**WHAT NEEDS TO BE DONE**
Take the entries below and print only the lines from the one with "Paper cut style" through the one with "Silver trout glides", exactly as they stand, both ends included.

**GIVEN DATA**
* * * * * * *
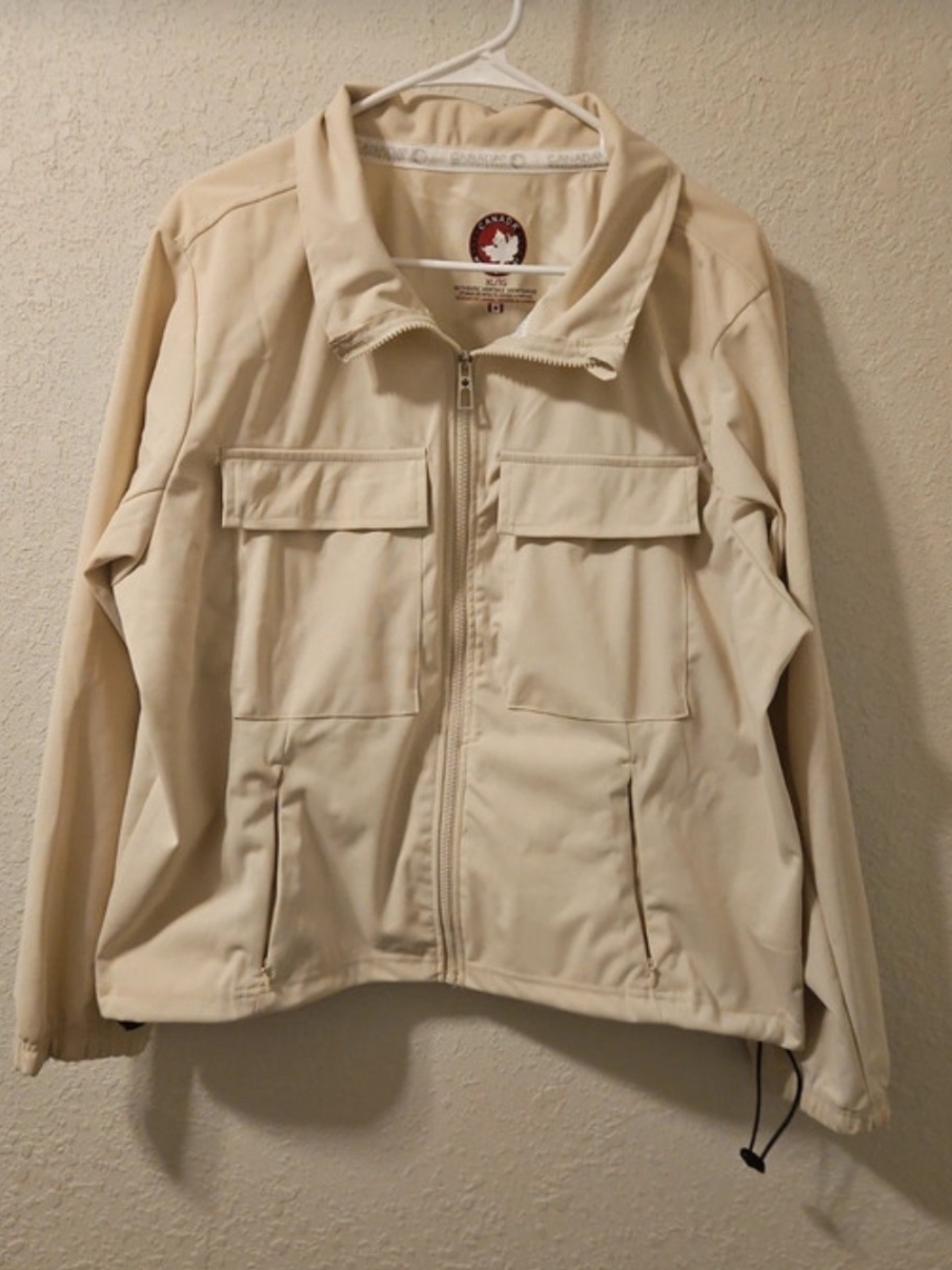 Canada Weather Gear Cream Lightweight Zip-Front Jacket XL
* * * * * * *
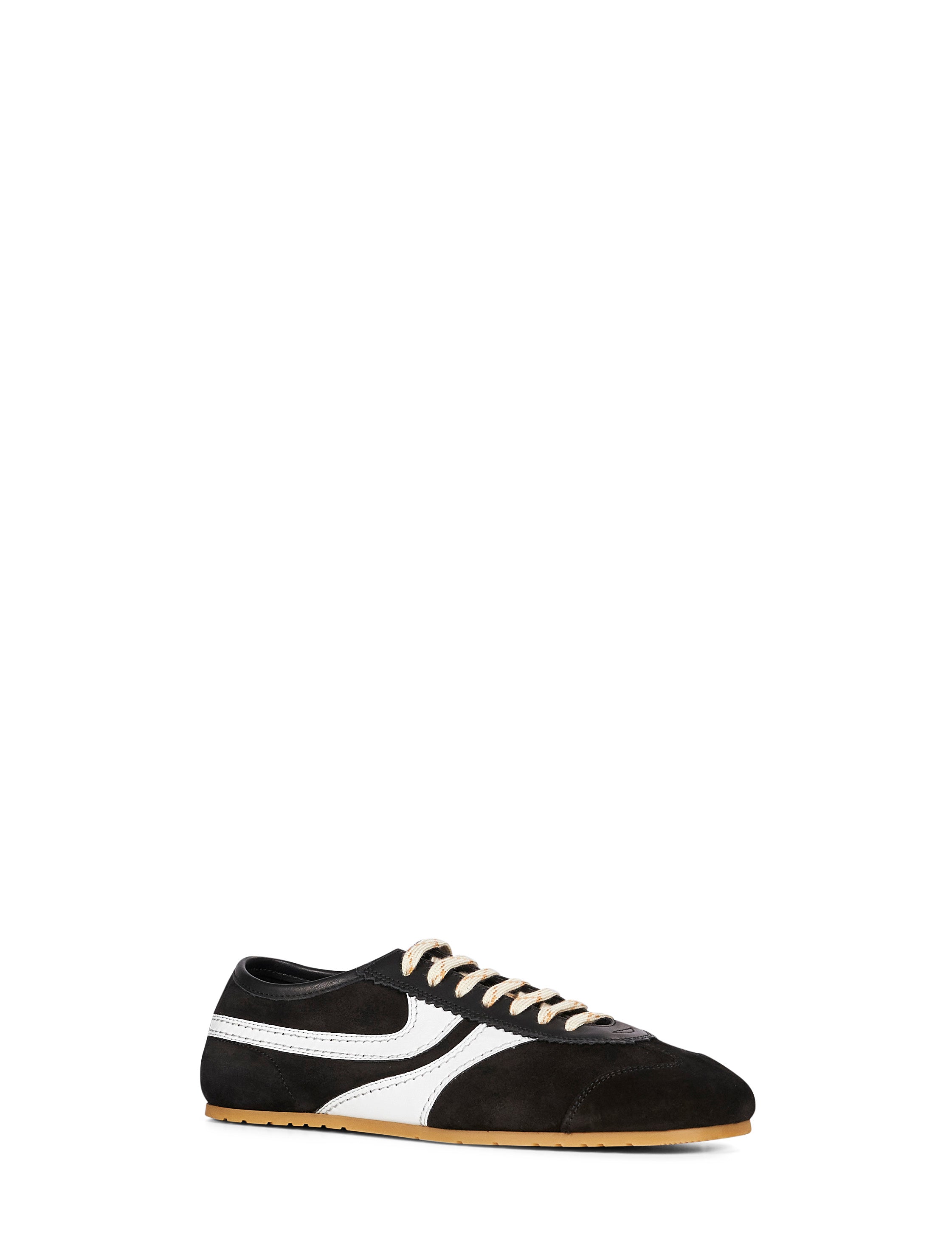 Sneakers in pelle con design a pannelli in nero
* * * * * * *
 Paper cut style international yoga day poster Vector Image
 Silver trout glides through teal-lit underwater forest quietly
* * * * * * *
**RESULT BELOW**
 Paper cut style international yoga day poster Vector Image
 Silver trout glides through teal-lit underwater forest quietly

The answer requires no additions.